I think this should work. In the implementation of BufferizableOpInterface you would then rewrite this op with the original CallOp on memrefs.

We could also try to extend the analysis of One-Shot Bufferize to support to_tensor/to_memref, but it would likely have to be quite conservative and insert copies in many places. We did not have use cases for this until now, so I did not look into this much further.

This would be a quick win from our perspective, but I understand that this might be far from trivial for the general case.

To be useful, we would have to extend to_tensor/to_memref ops a bit.

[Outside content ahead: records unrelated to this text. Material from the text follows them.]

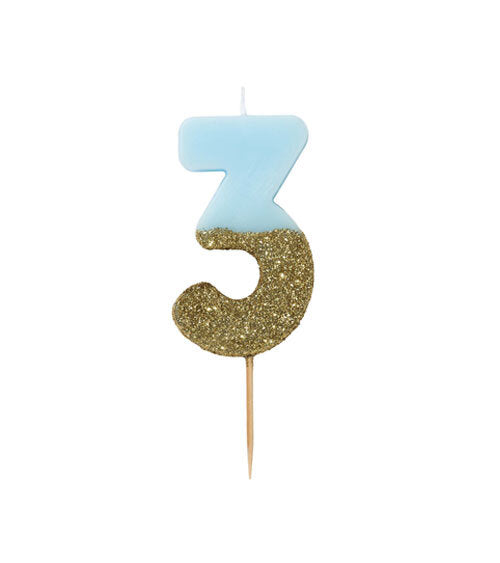 Number candle / birthday candle "3" blue pastel / gold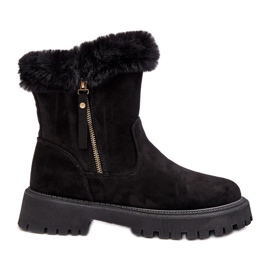 PE1 Női velúr bokacsizma bundával, fekete Hasiva PE1 Női velúr bokacsizma bundával, fekete Hasiva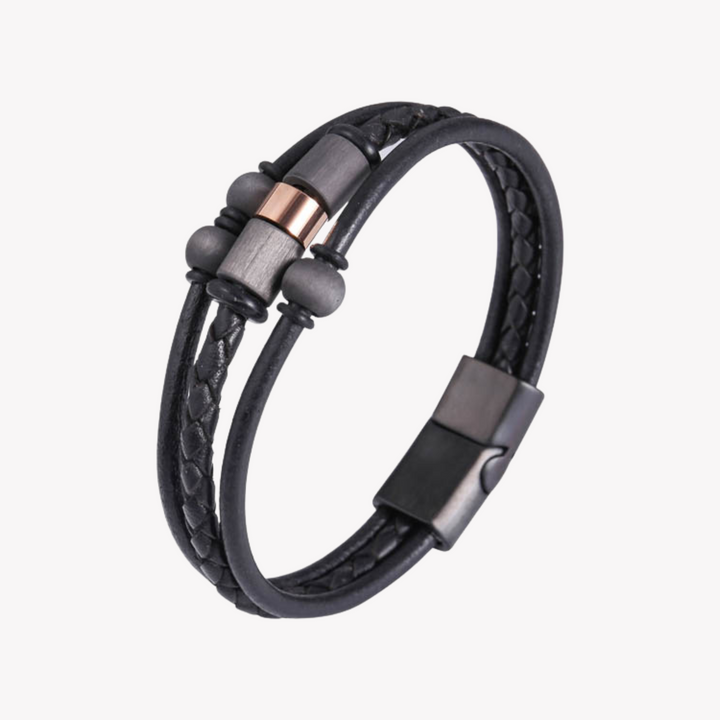 ZINK Men's Black Stainless Steel & Leather Bracelet | ZJBC04111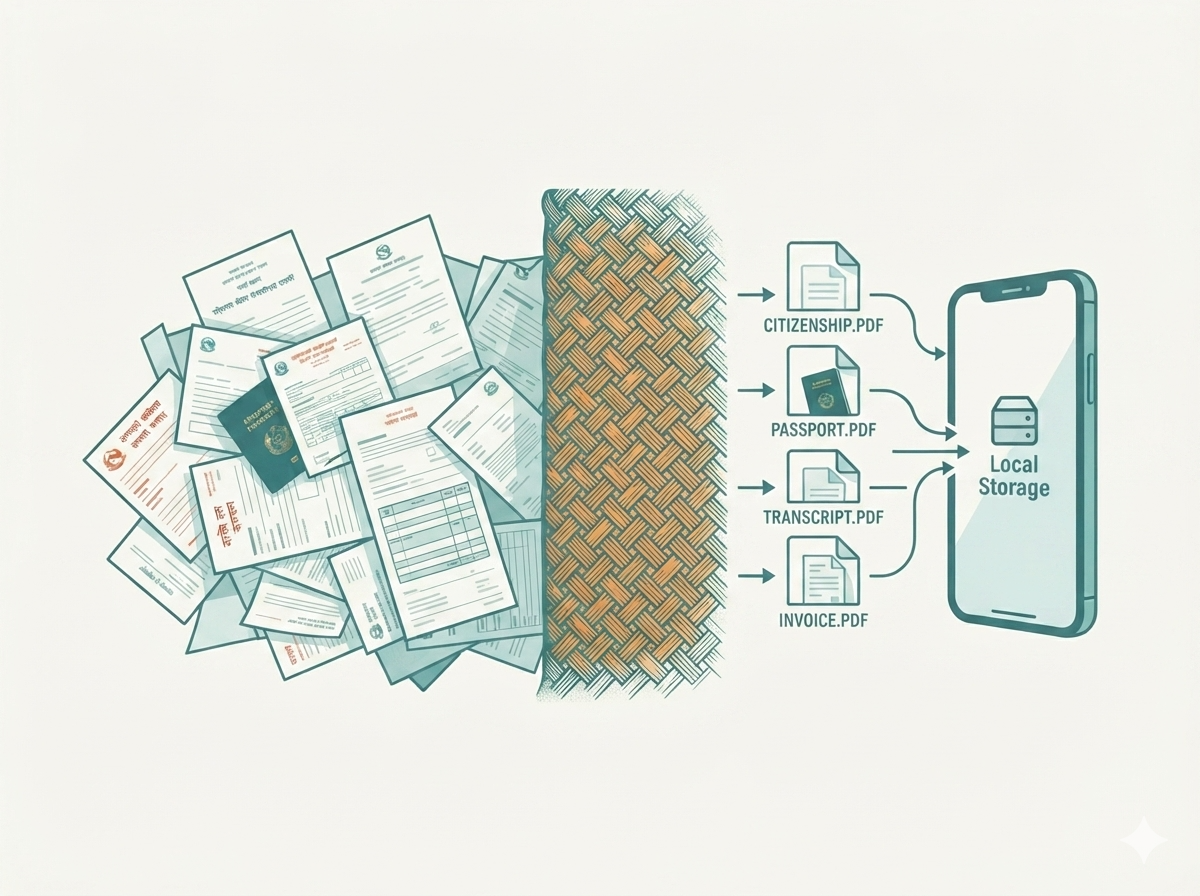 Illustration of a messy pile of paper documents passing through a woven doko pattern and emerging as named PDFs — citizenship, passport, transcript, invoice — stored locally on a phone.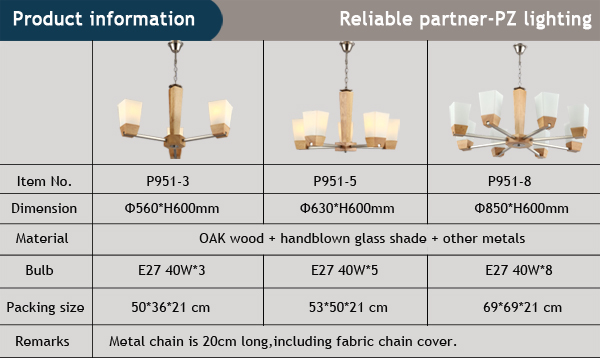 OAK Wooden pendant lamp glass lamp shade E27 light socket 100-240V AC available CE/ROHS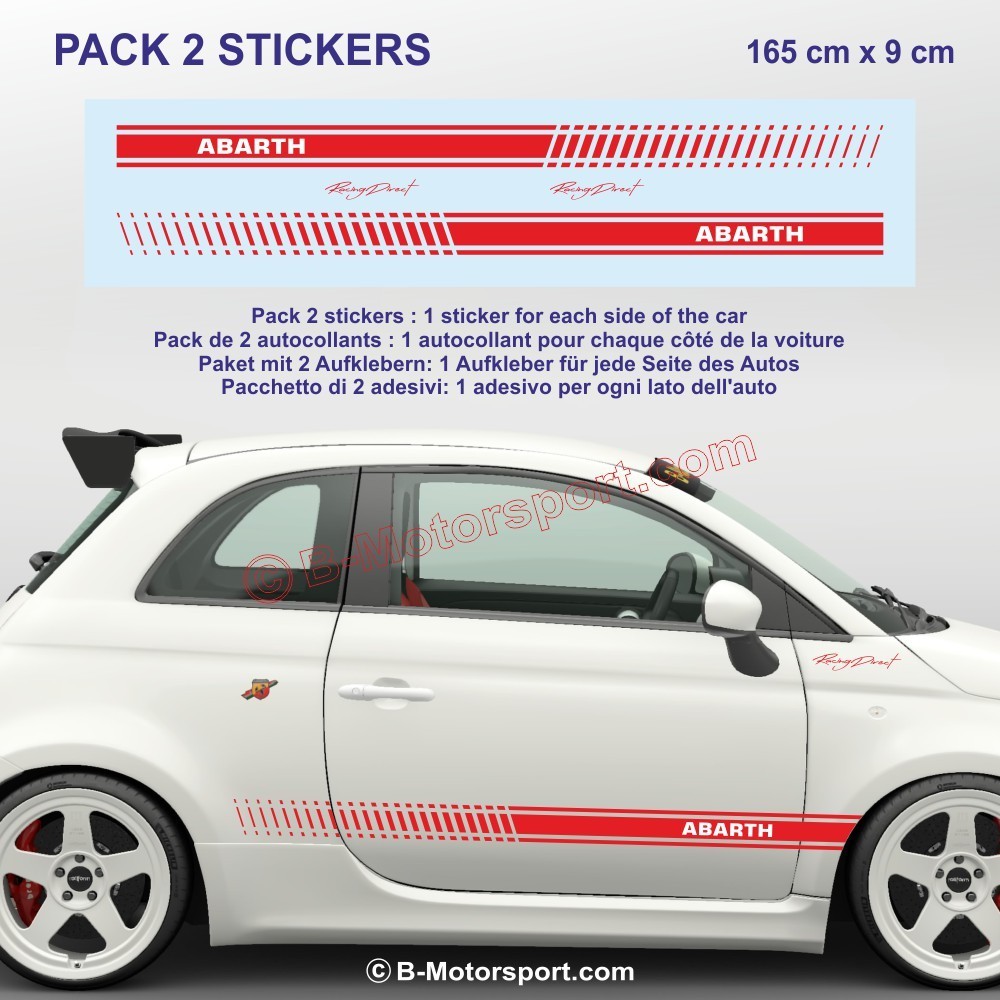 Adesivi bicolore ABARTH per FIAT 500 595 695 500c
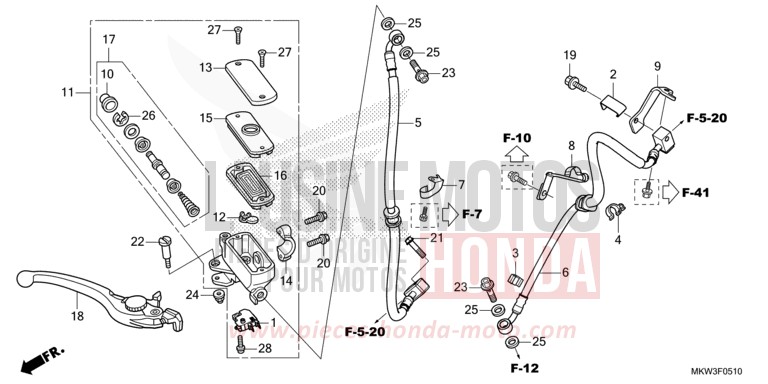 MAITRE-CYLINDRE DE FREIN AVANT CYLINDRE von NC750X DCT GRAND PRIX RED (R380) von 2021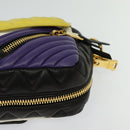 Miu Miu Matelasse Shoulder Bag Leather Yellow Gold Auth 123510-14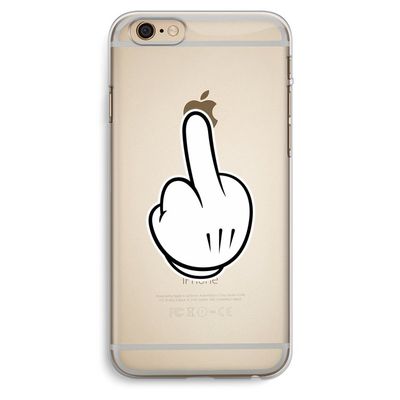 Middle finger black: iPhone 6 Plus / 6S Plus Transparant Hoesje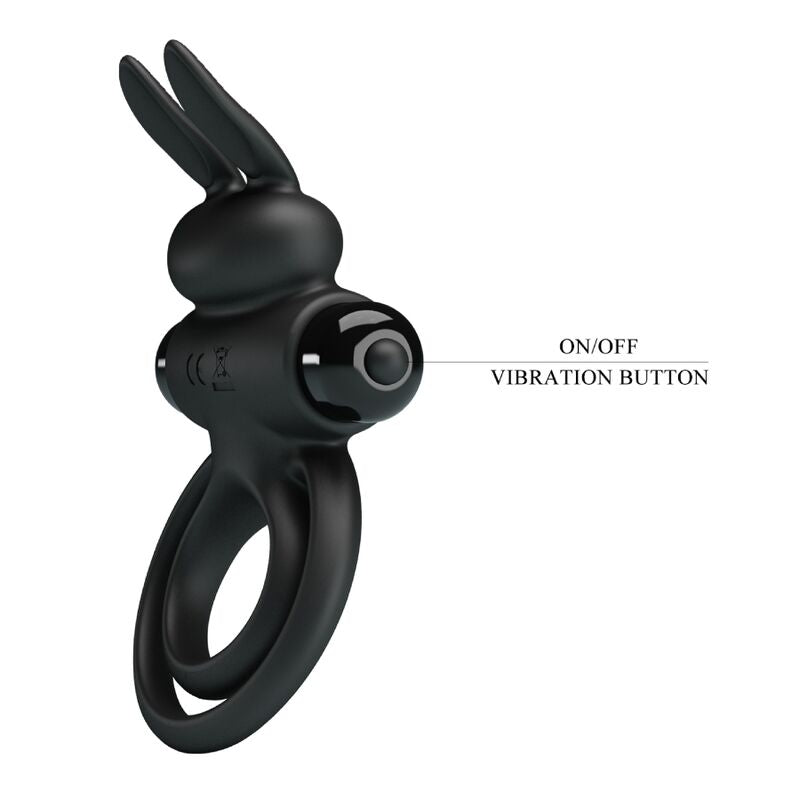 PRETTY LOVE - VIBRATIONS-PENISRING „LAPIN III“ SCHWARZ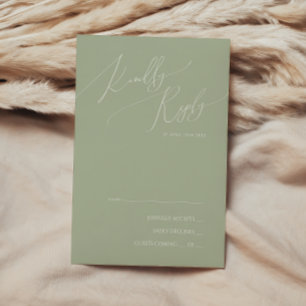 Whimsisches Skript   Sage Green RSVP Card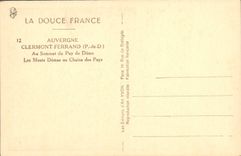 VINTAGE POSTCARD Auvergne Clermont Ferrand At the Top of Puy of dome the Mounts Domes or chain of Puys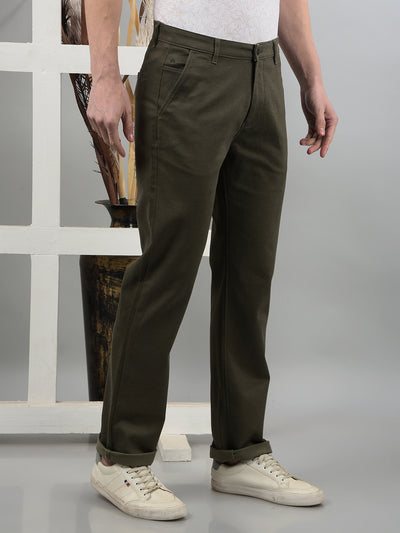 Olive Printed Straight Trousers-Men Trousers-Crimsoune Club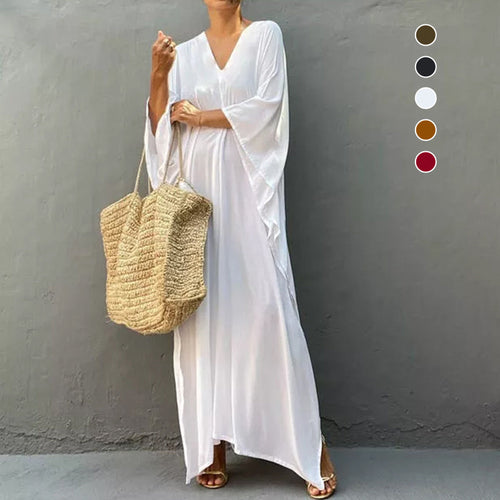 Einfarbiges Lockeres Urlaubskleid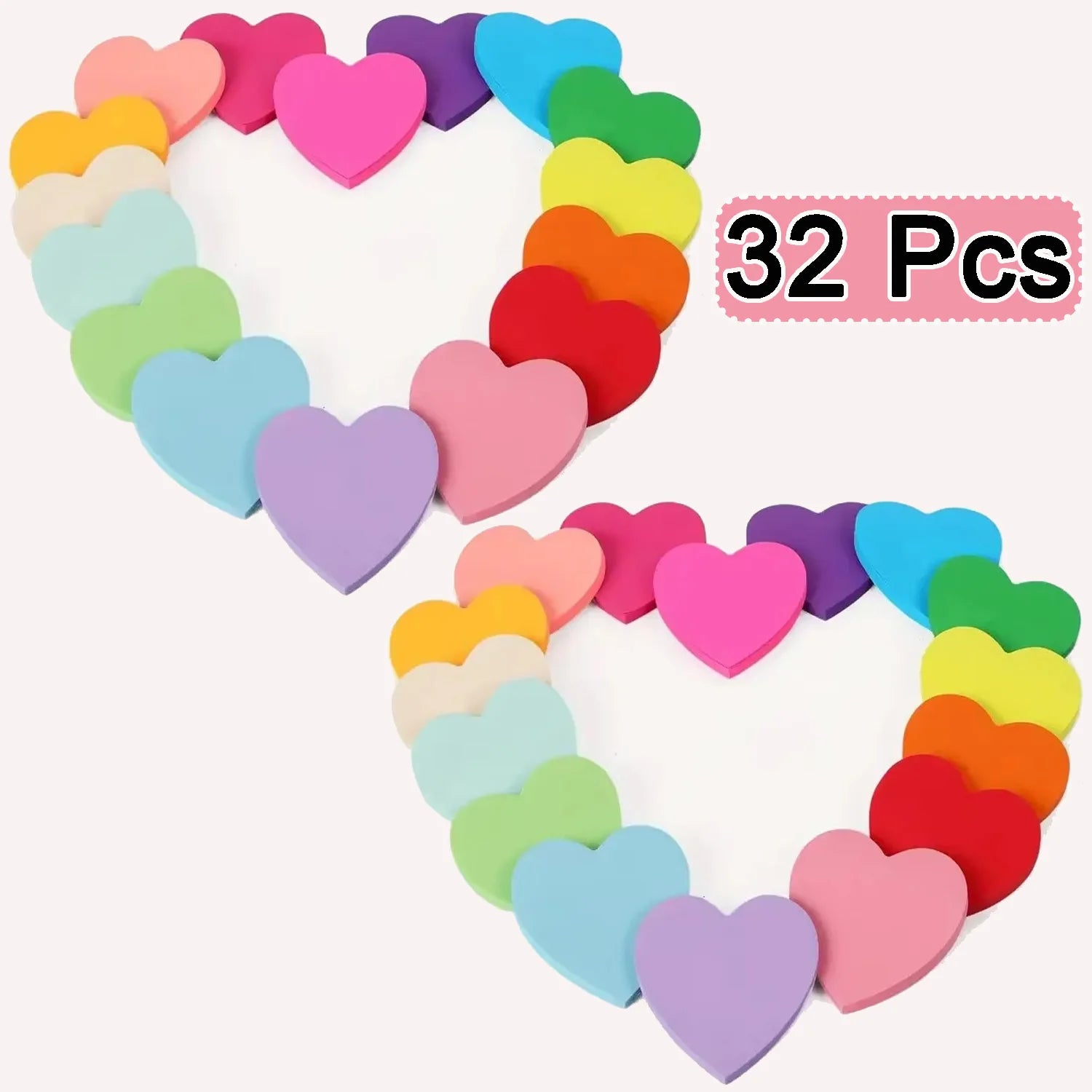 16/32 Pcs Heart Shaped Sticky Notes, 16 Colors 25 Sheets/Book, 400 Shape Sticky Notes, Cute Memo Pad Colorful Sticky Note Book
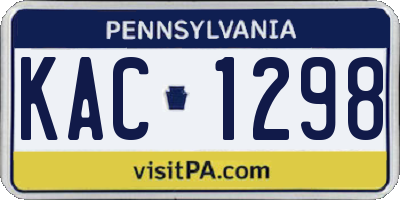 PA license plate KAC1298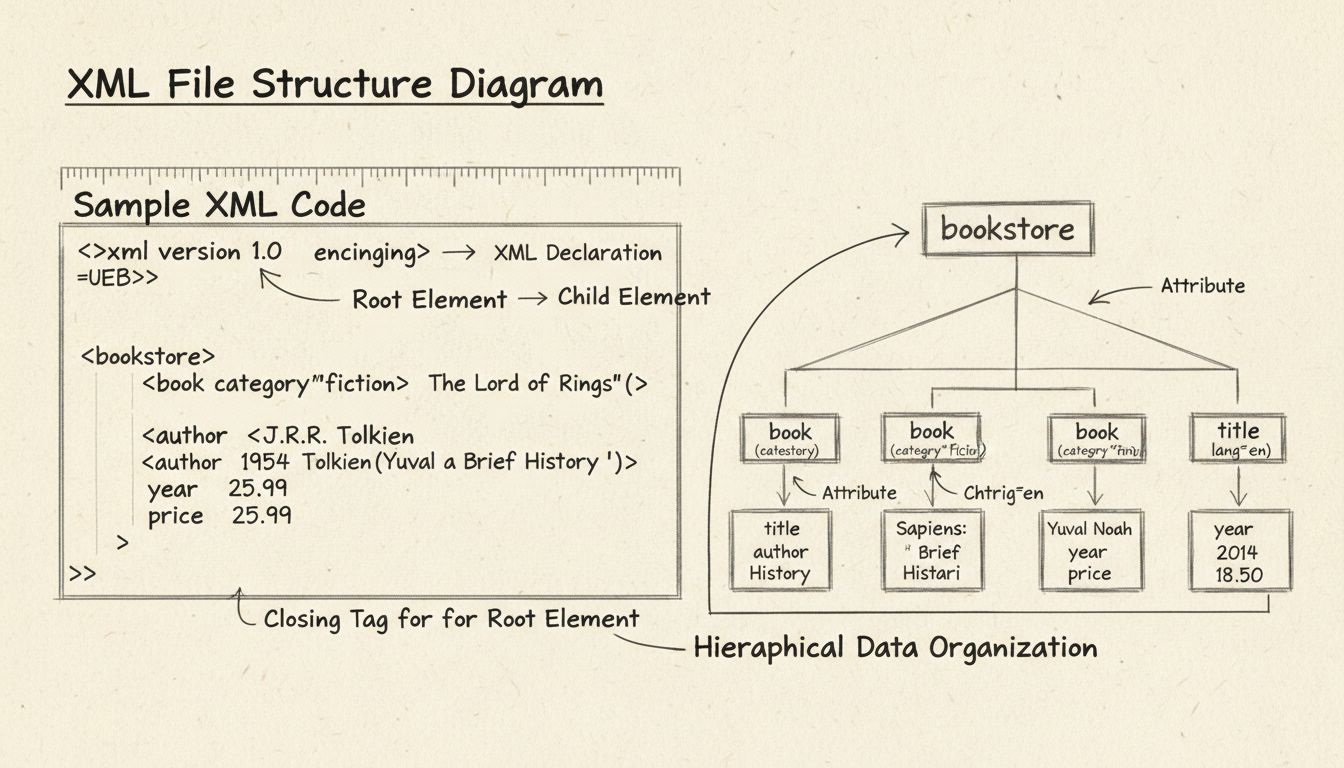 Diagramm zur Struktur einer XML-Datei mit Tags, Elementen, Attributen und hierarchischer Organisation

E.g., let’s extend your above example a bit:

module {
  func private @some_func_operating_on_memref(memref<2xf32>) -> (memref<2xf32>)

  func @main() -> () {
    // ...
    %m = bufferization.to_memref %t0 : memref<2xf32>
    %m2 = call @some_func_operating_on_memref(%m) : (memref<2xf32>) -> (memref<2xf32>)
    %t1 = bufferization.to_tensor %m2 : memref<2xf32>
    // Some more use of %t1                                                                                                                                                                    
    return
  }
}

The bufferization has to know if %m and %m2 may be aliasing. Or put differently: Does @some_func_operating_on_memref return the same memref or a brand new one? This can affect the bufferization of ops that use %t0. These are the kind of problems we run into.